Reynoso also wants to bulk up the borough’s planning office with more staff and use the bully pulpit of the office to weigh in on improving transit and easing congestion with a rapid bus line and safe pedestrian intersections on Atlantic Avenue.
“There are several main arteries and we need to think about how we would make them central to how we move around Brooklyn, he said. “Right now, it’s every councilman for themselves and every neighborhood for itself.”
The mayor’s political career may be coming to an end next year, but the city first lady’s might just be getting started.
McCray has made no secret of her ambition for higher office once her family leaves Gracie Mansion, and the borough presidency is her likeliest seat.
De Blasio has been quietly pushing her candidacy, even dangling a cross-endorsement to Eric Adams, according to the Daily News. And his top legislative aide was recently hired by the Brooklyn Democratic Party, deepening the relationship between the first family and the party’s new chairwoman Rodneyse Bichotte, paving the way for McCray to secure county support.
McCray, who lived in Park Slope for decades, could simultaneously appeal to voters in central and brownstone Brooklyn, where most of the borough’s Democratic support is concentrated.

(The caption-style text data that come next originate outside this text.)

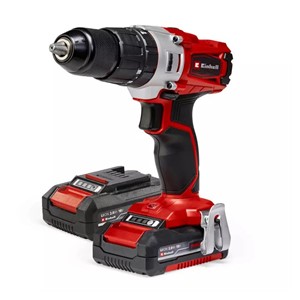 Einhell TE-CD 18 /2 18750 RPM Keyless 1.45 kg Black, Red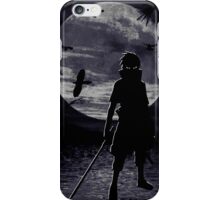 Shadow Sasuke iPhone Case/Skin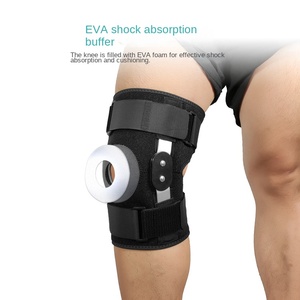 Ortopedik dizlik dizlik destek eklem ağrısı Relife Patella koruyucu ayarlanabilir spor Kneepad Guard menisküs Ligament - Product Image 1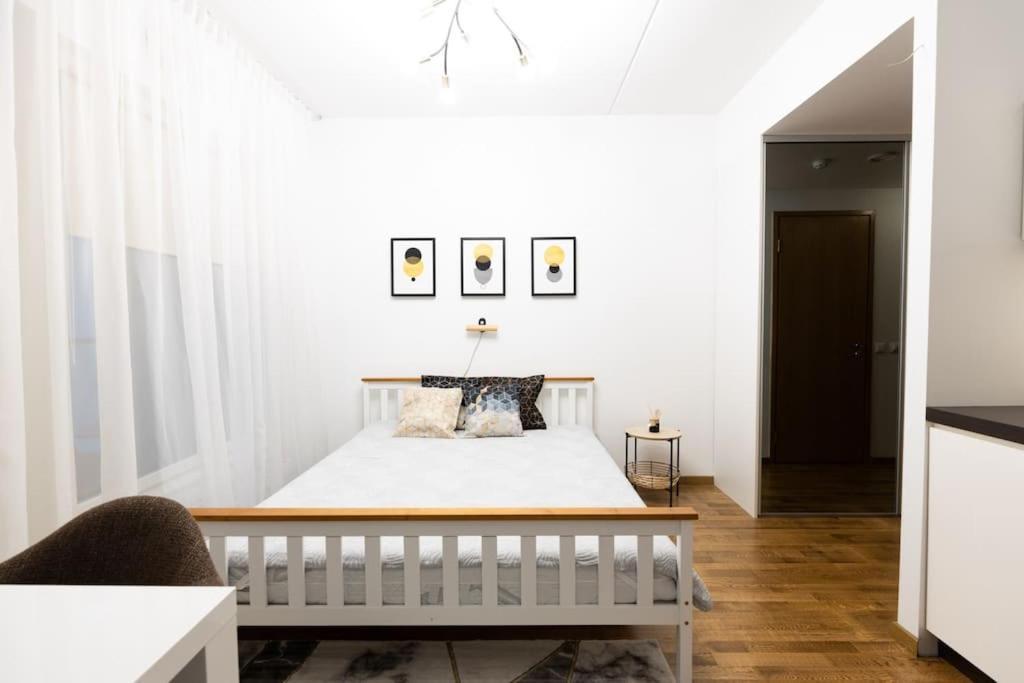 Modern & Cozy Place In The Very Heart Of Reval Esterno foto
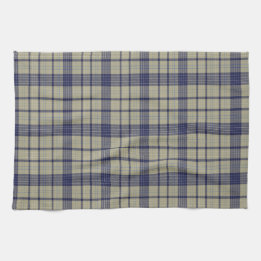 Linge De Cuisine Tartan plaid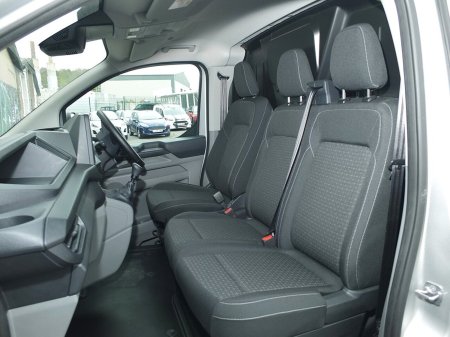 2024 Ford Transit Custom - photo 14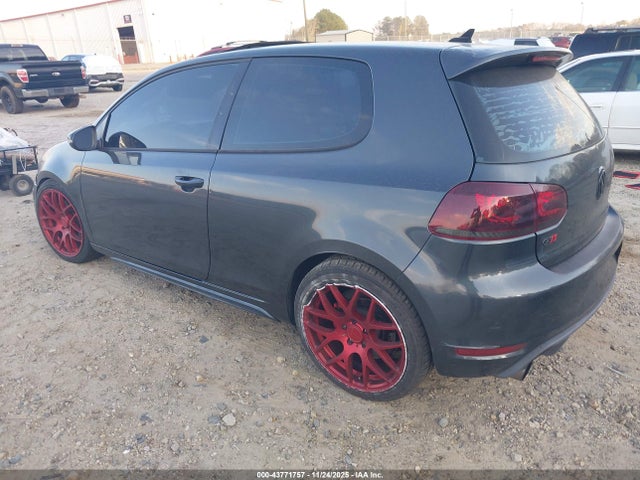 2011 Volkswagen Gti 2-door მანქანა იყიდება აუქციონზე, vin: WVWEV7AJ7BW187924, აუქციონის ნომერი: 43771757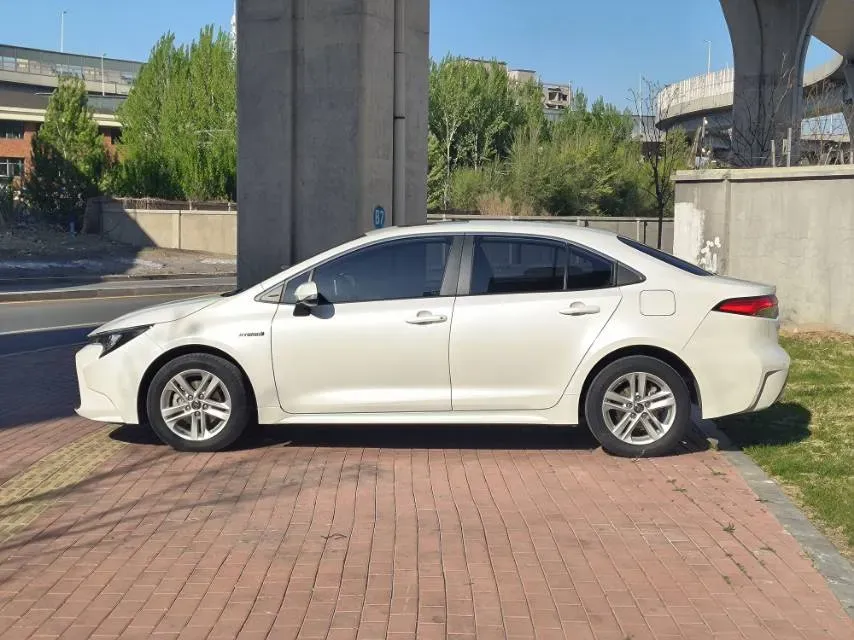 2021 Toyota Levin 1.8L 98HP L4 E-CVT Hybrid,autocango,china used car exporter,china ev exporter,chinese used car exporter,chinese used ev exporter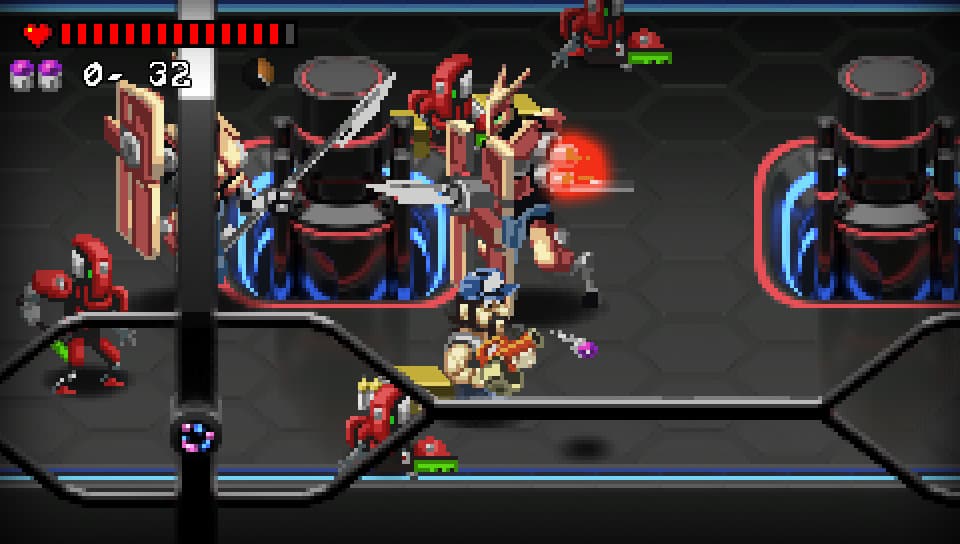 Angus hates Aliens screenshot 6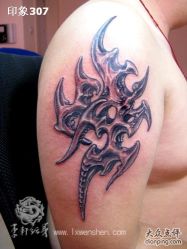 -李轩纹身LEE TATTOO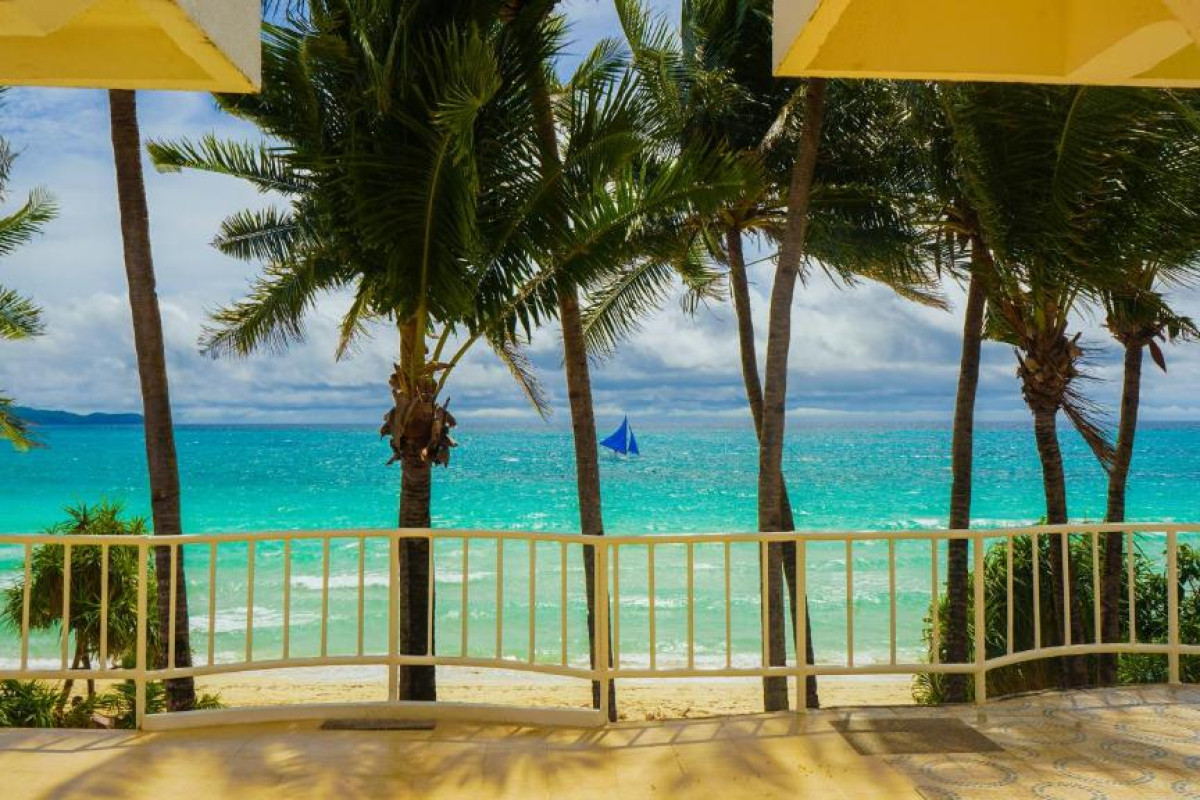 Boracay Sea View Hotel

And de Blasio is likely to tap his network of donors — many of whom are from the real estate industry who have given to his presidential campaign and political nonprofit groups — to help his spouse’s cause although his leverage over donors and organized labor has diminished.
“Chirlane throws a monkey wrench in for any of those other candidates, but the mayor has no friends,” said one Democratic consultant who isn’t working with anyone in the race. “I don’t think anyone is bending backwards to help Chirlane. He’s a lame duck; he’s out of office by the time that person takes over.”
Her stance on housing and land-use policy is not as well known as her views on health care and the arts. Mental health remains her signature issue, although her $850 million ThriveNYC initiative, which she has led since 2015, has come under heavy criticism from budget watchdogs and council members for its questionable effectiveness.
In the meantime, McCray has already stepped up her presence in Brooklyn. She announced plans to lead a mental health initiative for new parents on a new mental health podcast with BRIC President Kristina Newman-Scott at the nonprofit arts organization’s Fulton Street headquarters. The $9 million initiative will exist separately from ThriveNYC.
Once she gets on the campaign trail, McCray will find she will have to answer for the mayor’s unpopular rezoning efforts in multiple communities while authoring a vision of Brooklyn’s future. (McCray could not be reached by press time.)
And other potential candidates — such as Brooklyn Assemblywoman Jo Anne Simon — could be waiting as well.
“I would be very surprised to see if a state legislator, especially a person of color, did not start looking at that race very soon,” the consultant said.
Update: This story mistakenly said that the date of the primary was September, not June the actual date.